This article is a highlight from the KX forum, authored by KX forum user ID: Lpwn
1
Overview
Using an old project on fan control as an experiment.
It utilized external interrupts, timer interrupts, and PWM. The MCU is STM32F103ZET6.
In the Keil settings, you can see the starting address of the firmware, which is 0x8000000 by default. Additionally, Keil generates a hex file, which is a bin file with base address information. To generate a bin file, the following settings are required:
Moreover, the firmware programmed into the MCU does not contain symbol tables or debugging information, meaning both hex and bin files lack debugging information due to the limited memory of the MCU. However, Keil will generate a separate axf file with debugging information, which we can use as a reference to recover the bin or hex files. Below, we will observe the differences between these three files:
First, the axf file
It is almost identical to the source code, except for some peripheral names replaced with addresses.
Next, the hex file:
First, change the architecture to ARM little-endian, and then modify the architecture version; STM32F103ZET6 uses the Cortex-M3 core, ARMv7 architecture.
After making changes, load the hex file.
IDA will automatically recognize the base address and can identify many functions, but the pseudocode is quite unreadable.
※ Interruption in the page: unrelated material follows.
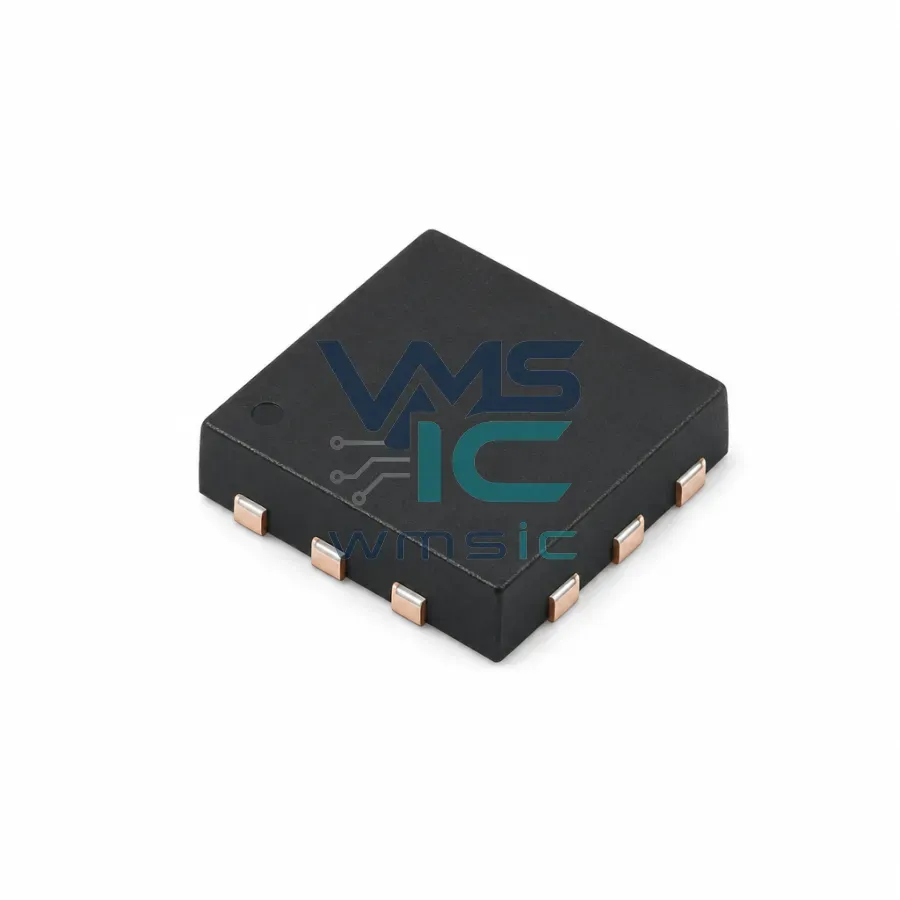 Двойной аналоговый переключатель или выключатель PI3A223ZMEX UQFN-10(1.4x1.8) Корпус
It’s basically unreadable.
Finally, the bin file.
The bin file is a hex file without address information, requiring manual base address settings.
2
Manually Set Firmware Base Address
Our analysis will target the bin file.
Reset the base address to 0x8000000. Where does this address come from? You can check the STM32F103ZET6 datasheet.
From 0x8000000, it is the flash space.
After resetting the loading address and parsing the code, it will become the appearance of the hex file.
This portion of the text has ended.